The safranin It is a meriquinoid dye, named for having in its chemical structure 2 benzenoid rings and 2 quinoid rings, the latter being the ones that provide the red color.
It is also called dimethyl safranin or basic red 2 in its short form, since its scientific name is 3,7-diamino-2,8-dimethyl-5-phenyl-phenaziniumchloro dimethyl safranin and the chemical formula is CtwentyH19N4 Cl.
There is a variant called trimethyl-safranin but there is no significant difference between the two substances.
Safranin is a monochromatic dye and, depending on the characteristics of the chemical formula, it is a positively charged substance. Therefore, it has an affinity for negatively charged structures. These structures will be stained red.
This property gives it applicability in many histological techniques to stain various cellular structures, both in eukaryotic and prokaryotic organisms..
Safranin is used as a contrast dye in important and well-known techniques for routine use in bacteriology. These techniques are: the Gram-Hucker stain, the Schaeffer Fulton stain for spores or the staining of bacterial capsules, among others..
Article index
The color of saffron (a spice obtained from the stigmas of the flower of Crocus sativus) was the inspiration to name this coloring. From the term saffron comes the name of safranin. This is due to the great similarity between the color of saffron and the coloring that this dye provides..
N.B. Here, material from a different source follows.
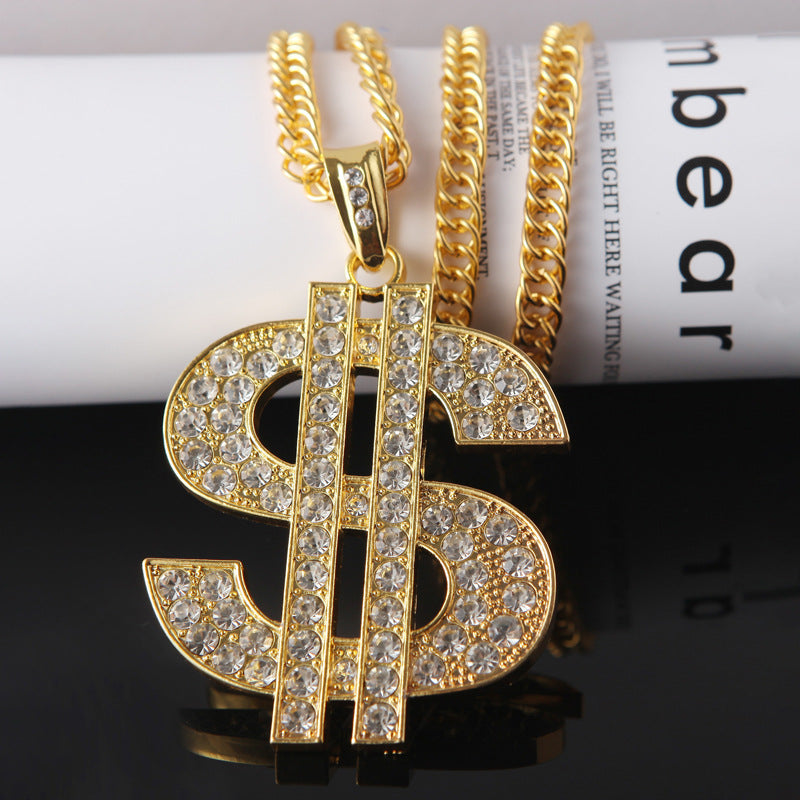 Hip-hop Dollar Alloy Rhinestone Plating Men's Pendant Necklace 1 Piece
Safranin is obtained as crystals or in powder, both presentations being soluble in water. The safranin dye is odorless. Stains structures red. The structures that attract safranin dye are called safranophiles..
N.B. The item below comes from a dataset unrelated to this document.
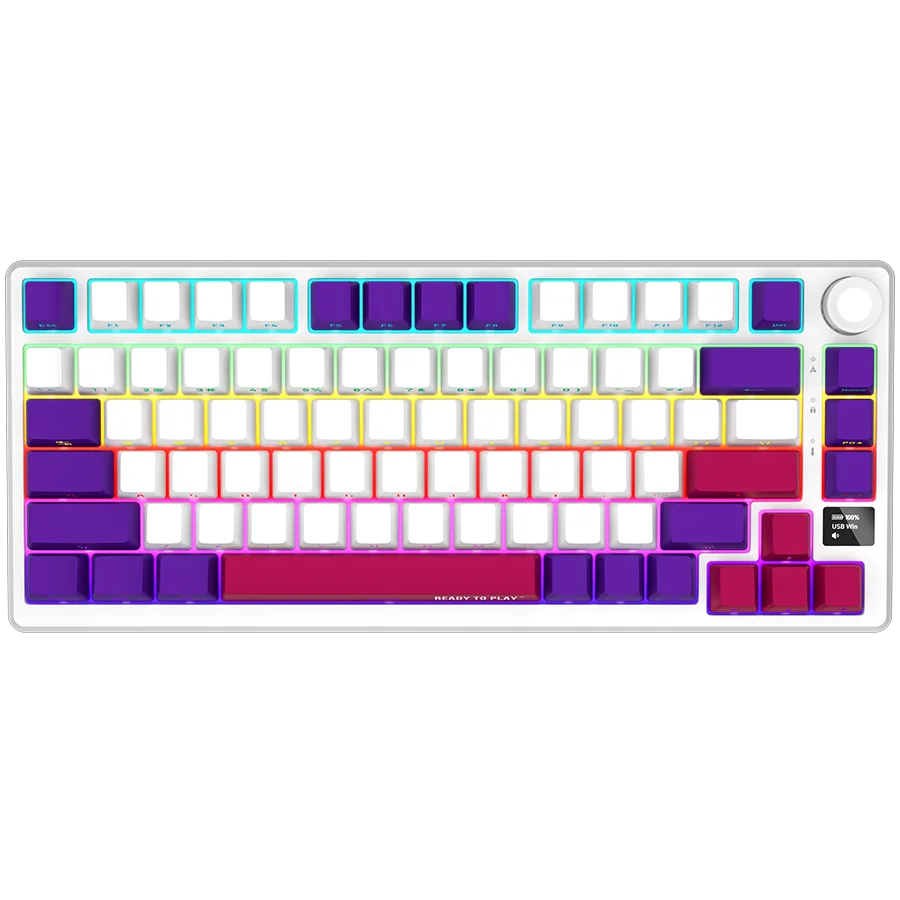 Геймърска клавиатура LORGAR KBP7075W Wireless 75% Mechanical Gaming Keyboard Pro White EN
Structurally safranin is complex, it has two benzenoid rings at the ends and in the center are located the two quinoid rings where the N cation is found.+. The center of the structure is the system in charge of providing the color. Due to this characteristic, this colorant is classified within category II..
Safranin is used to stain various structures. Especially highlights the Kulchitsky cells present in the gastrointestinal tract, also called enterochromaffin cells.
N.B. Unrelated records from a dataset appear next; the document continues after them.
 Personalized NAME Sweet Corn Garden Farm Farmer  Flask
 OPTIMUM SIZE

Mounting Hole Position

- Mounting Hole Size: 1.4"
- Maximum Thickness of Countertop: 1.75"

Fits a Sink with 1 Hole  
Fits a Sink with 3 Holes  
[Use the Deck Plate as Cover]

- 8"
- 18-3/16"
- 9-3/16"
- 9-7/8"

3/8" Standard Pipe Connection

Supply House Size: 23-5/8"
It is capable of staining microorganisms belonging to the family Rickettsiaceae. Likewise, it is used in various techniques, such as the Koster method, a modified used for the staining of bacteria of the genus Brucella.
On the other hand, safranin is used in the Schaeffer Fulton spore staining technique and in the Gram-Hucker staining. In both techniques, safranin works as a contrast dye.
In the first, the spores take the color of malachite green and the rest of the structures are red by safranin. In the second, the Gram negative bacteria lose the color of the violet crystal in the discoloration step, therefore safranin is the one who stains the Gram negative bacteria red.
Additionally, safranin is used in bacteriology to prepare Brucella agar media with a 1: 5000 dilution of safranin. This medium serves to differentiate the species Brucella suis of the rest of the species. Brucella melitensis Y Brucella abortus they grow in this environment but B. suis is inhibited.
In the agro-industrial field, safranin has been used at 2.25% and diluted 1:10 to stain samples of the stem of the sugarcane plant.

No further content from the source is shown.